Avis d’inaptitude : formalisme. Un avis d’aptitude avec réserves n’équivaut pas à un avis d’inaptitude. A la suite d’un accident du travail, un salarié est déclaré inapte à son poste par le médecin du travail, mais apte à un poste sans manutention, le 16 février 2010. Lors d’un nouvel examen médical en mars 2010, il est déclaré par le médecin du travail “apte au poste de conducteur offset avec l’aménagement proposé, sans manutention ni position prolongée en flexion antérieure du tronc”. Le salarié saisit la juridiction prud’homale pour demander la résiliation judiciaire de son contrat de travail. La cour d’appel de Pau prononce la résiliation judiciaire du contrat en retenant que le salarié ayant fait l’objet d’un avis d’inaptitude le 16 février 2010, l’employeur aurait dû chercher à le reclasser ou procéder à son licenciement pour inaptitude. Logiquement, la Cour de Cassation casse et annule cette décision. Elle rappelle que le salarié a fait l’objet d’un avis d’aptitude à son poste le 15 mars 2010, et que celui-ci s’impose à défaut de recours devant l’inspecteur du travail. L’employeur, ayant bien proposé au salarié sa réintégration sur son poste réaménagé, n’a donc commis aucun manquement en ne procédant pas à un licenciement pour inaptitude, ni à une recherche de reclassement. Un avis d’aptitude, fût-il accompagné de nombreuses réserves, reste un avis d’aptitude (Cass. soc. 13 avril 2016 – n°1510.400). 

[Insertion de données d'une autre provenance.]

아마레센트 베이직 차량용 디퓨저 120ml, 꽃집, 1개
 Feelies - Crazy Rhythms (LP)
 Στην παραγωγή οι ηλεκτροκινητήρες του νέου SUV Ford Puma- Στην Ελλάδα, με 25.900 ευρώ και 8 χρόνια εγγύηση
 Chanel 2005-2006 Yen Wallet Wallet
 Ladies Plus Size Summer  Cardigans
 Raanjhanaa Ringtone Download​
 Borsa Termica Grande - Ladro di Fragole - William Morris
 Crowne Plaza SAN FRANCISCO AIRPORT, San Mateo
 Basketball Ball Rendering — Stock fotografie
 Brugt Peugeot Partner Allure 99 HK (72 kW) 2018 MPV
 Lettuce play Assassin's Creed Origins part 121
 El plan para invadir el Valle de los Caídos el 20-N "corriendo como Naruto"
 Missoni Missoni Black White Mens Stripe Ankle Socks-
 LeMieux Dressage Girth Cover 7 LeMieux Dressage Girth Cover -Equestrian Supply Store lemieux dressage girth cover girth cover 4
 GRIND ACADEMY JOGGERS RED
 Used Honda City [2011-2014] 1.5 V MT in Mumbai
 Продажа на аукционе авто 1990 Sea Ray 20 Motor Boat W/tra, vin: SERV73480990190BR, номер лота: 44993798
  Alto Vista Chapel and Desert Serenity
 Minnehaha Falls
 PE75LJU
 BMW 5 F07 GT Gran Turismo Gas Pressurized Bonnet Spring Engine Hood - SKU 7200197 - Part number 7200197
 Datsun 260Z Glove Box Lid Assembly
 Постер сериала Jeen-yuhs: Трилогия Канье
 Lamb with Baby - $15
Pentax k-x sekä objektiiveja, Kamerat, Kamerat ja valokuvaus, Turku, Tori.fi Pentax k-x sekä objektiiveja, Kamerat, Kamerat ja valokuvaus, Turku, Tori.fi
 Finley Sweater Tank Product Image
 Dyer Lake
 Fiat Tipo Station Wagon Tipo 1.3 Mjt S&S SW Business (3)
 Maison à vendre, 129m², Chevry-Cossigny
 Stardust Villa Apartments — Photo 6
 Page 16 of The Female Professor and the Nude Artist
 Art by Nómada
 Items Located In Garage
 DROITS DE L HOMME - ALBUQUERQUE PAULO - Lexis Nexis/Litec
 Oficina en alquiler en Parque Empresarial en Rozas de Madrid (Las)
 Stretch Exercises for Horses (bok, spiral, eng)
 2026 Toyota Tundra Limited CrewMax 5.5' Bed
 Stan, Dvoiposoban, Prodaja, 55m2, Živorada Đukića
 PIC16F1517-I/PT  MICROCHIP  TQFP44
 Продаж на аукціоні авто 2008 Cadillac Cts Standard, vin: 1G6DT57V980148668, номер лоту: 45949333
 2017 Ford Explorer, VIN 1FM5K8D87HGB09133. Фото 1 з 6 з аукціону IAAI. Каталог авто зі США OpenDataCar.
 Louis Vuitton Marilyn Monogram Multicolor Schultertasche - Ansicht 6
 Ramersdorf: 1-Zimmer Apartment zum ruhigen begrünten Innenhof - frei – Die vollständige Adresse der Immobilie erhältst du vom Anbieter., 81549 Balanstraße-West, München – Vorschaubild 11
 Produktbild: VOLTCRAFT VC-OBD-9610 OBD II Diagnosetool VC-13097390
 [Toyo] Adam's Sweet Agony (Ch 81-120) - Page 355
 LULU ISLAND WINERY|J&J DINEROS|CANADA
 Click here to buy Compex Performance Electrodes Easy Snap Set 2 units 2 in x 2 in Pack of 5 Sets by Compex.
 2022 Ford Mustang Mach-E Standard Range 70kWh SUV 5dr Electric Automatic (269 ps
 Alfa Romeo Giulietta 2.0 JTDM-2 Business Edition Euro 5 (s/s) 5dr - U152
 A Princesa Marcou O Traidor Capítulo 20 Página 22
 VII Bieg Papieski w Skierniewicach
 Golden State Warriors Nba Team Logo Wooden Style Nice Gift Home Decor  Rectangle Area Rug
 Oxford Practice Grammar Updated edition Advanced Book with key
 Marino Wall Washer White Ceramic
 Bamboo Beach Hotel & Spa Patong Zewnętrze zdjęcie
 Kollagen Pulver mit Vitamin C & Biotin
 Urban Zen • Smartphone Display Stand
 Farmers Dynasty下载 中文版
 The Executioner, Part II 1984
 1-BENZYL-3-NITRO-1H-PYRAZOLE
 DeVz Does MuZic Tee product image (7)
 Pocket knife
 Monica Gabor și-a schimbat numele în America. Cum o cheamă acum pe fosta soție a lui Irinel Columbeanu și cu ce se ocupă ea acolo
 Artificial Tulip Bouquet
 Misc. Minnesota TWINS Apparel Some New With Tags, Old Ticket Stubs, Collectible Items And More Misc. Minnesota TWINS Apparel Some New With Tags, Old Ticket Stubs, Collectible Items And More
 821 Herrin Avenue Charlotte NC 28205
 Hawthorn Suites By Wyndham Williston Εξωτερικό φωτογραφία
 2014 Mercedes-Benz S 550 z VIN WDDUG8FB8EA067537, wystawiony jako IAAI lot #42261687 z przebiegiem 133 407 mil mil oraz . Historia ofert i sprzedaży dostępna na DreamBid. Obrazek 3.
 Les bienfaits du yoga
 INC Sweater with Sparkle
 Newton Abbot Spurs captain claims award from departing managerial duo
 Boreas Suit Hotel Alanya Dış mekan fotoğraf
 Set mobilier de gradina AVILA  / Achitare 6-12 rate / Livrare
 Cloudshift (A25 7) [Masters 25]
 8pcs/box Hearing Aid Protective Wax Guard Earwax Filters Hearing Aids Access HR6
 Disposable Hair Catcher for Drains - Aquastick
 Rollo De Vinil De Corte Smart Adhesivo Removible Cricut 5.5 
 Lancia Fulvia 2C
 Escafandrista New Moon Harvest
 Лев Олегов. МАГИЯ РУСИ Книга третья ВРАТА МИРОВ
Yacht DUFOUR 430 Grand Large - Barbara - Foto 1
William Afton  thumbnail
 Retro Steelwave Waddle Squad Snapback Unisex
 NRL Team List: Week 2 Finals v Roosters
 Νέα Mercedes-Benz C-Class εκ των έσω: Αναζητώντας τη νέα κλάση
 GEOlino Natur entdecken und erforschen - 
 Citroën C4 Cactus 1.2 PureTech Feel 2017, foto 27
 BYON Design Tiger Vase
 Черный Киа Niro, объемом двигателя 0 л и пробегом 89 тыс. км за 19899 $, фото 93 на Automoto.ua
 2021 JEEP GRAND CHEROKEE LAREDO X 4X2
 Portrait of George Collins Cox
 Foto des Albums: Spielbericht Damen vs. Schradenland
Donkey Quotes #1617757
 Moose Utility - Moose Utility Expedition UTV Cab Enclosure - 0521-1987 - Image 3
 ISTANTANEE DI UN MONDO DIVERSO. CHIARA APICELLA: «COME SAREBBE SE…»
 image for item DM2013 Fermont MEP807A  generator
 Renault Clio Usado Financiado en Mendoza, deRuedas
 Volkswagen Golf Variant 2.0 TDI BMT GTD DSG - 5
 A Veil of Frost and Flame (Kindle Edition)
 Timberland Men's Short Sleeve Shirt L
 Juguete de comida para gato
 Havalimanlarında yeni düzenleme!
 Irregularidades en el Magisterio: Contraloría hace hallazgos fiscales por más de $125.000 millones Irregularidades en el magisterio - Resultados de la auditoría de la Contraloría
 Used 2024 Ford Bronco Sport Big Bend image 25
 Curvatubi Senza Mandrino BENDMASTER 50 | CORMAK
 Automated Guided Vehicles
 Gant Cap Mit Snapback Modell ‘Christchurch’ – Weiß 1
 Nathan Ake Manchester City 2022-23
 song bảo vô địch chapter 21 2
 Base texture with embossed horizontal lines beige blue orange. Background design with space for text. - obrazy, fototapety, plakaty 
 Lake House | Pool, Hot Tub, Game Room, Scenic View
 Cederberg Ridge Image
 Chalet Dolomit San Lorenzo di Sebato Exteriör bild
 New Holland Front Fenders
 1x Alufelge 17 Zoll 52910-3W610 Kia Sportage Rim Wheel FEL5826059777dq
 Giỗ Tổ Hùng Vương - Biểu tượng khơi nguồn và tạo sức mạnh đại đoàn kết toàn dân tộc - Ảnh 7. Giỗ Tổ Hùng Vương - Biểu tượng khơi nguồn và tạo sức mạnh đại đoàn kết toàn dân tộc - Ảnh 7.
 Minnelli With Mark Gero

Remboursement des frais de déplacement et égalité de traitement. L’entreprise doit pouvoir justifier les modalités de remboursement de frais différentes appliquées à ses collaborateurs. Un salarié saisit le conseil des prud’hommes, notamment, pour une demande de prise en charge des frais de carburant pour ses déplacements entre son domicile et son lieu de travail. Il estime, en effet, qu’il existe une inégalité de traitement entre les salariés, certains collaborateurs bénéficiant du remboursement et d’autres non. Le salarié considère qu’il y a une atteinte au principe “à travail égal, salaire égal”. Il doit donc soumettre au juge des éléments de fait pour la caractériser, et l’employeur doit rapporter la preuve d’éléments objectifs justifiant cette différence. La Cour de cassation confirme le raisonnement de la cour d’appel qui établit que l’entreprise n’apporte aucune explication à la différence de traitement, de nature à la justifier (Cass. soc. 13 avril 2016 – n°1510.272).